Items from a dataset:
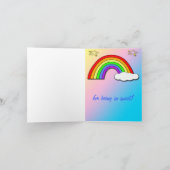 Carte de remerciements de baby shower (Intérieur)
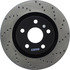 128.62114L by CENTRIC - Cross Drilled Rotor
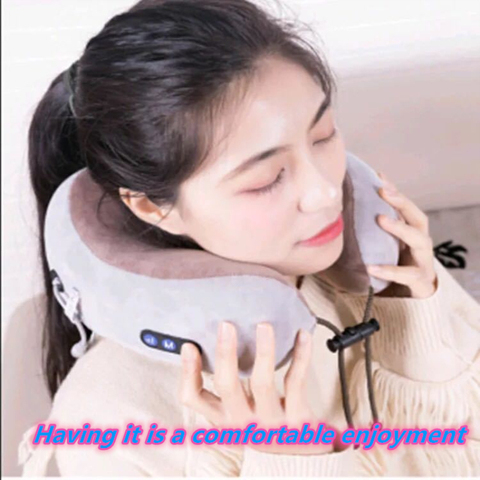 Home Travel U-shaped Office Cervical Relaxing Multi-function Outdoor Portable Health Care Massage Pillow Pain Relief Electric ► Photo 1/6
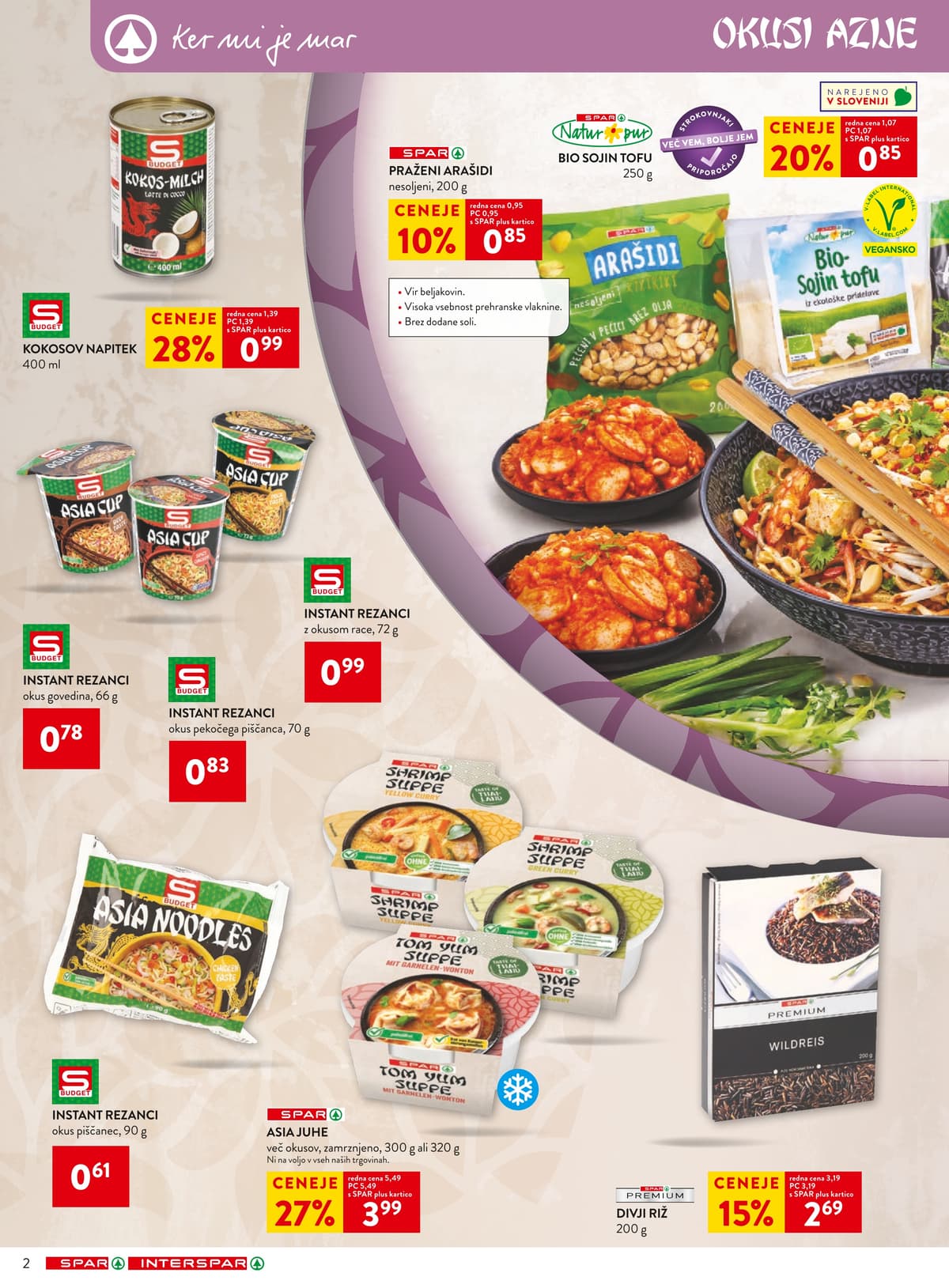 Stran 2. Spar kataloga - Akcijska Ponudba od 09.03.2026.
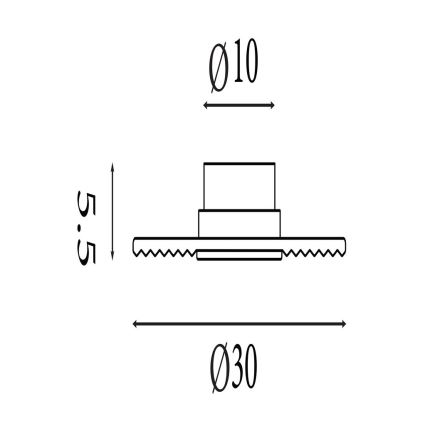 Searchlight - LED Димований настінний світильник CLEO LED/9,4W/230V сірий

_Task directions:_
Each line from the one that holds "Home Travel U-shaped" through the final line of the data must be retyped exactly; the pictures must not appear.

_Written answer:_
 Home Travel U-shaped Office Cervical Relaxing Multi-function Outdoor Portable Health Care Massage Pillow Pain Relief Electric ► Photo 1/6
 Stran 2. Spar kataloga - Akcijska Ponudba od 09.03.2026.
 Searchlight - LED Димований настінний світильник CLEO LED/9,4W/230V сірий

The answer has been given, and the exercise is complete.